Collapse, a word for the wordless. No laughter here, only the echo of a joke lost in the static. Soviet black, French absinthe green, Spanish crimson – these were the hues of humor, once. Now, the palette is gray, the canvas smeared with the fingerprints of empire. Vonnegut, Pynchon, high-rise clowns juggling fire in a burning circus. We are the ground floor,the crushed and trampled, the dirt beneath their manicured nails. Germany, a shadow over the future, a specter haunting the neon dreamscape. No humor here, only the cold logic of decay.
I guess one difference between our collapse and others is that we don’t really have any black humorists in the vein of late Soviet dark satire, French fin de siecle, Spanish picaresque, east european surrealism or British absurdism.

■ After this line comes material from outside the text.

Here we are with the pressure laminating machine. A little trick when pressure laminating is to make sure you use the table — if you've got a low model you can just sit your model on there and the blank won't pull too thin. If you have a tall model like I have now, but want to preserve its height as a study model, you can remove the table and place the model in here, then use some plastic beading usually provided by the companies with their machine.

Maybe Kurt Vonnegut or Thomas Pynchon but they’re both “high empire” 🤔
We’re more like Germany😐
Collapse, a word. A tumor in the throat of time. No clowns, no jesters. Just a vast, gray, grinding machine. Soviet black, French decay, Spanish grift, Eastern Bloc dreamscapes, Brit wit – all these cancers, they had their court fools. But us? We’re the punchline, the mark, the empty stage. Vonnegut, Pynchon, high-empire clowns, but clowns nonetheless. A circus before the fire. Now, it’s Berlin ’45, the joke’s gone sour, and the world’s the punchline.
A Collapse Without Laughter
Our collapse is a flatulent beast, a gaseous golem birthed in the fetid womb of consumerism. No Gogol to sneer, no Beckett to wail, no Cervantes to mock. Just a dreary, endless parade of automatons shuffling through the ruins of meaning. Vonnegut and Pynchon, those carnival barkers of the high empire, can’t disguise the stench of decay beneath their colorful tents. We are the clowns without makeup, the acrobats without nets, the punchline to a joke nobody wants to hear. Germany, a cold, efficient machine, grinding out its own brand of despair. We are the spare parts, rusting in the rain.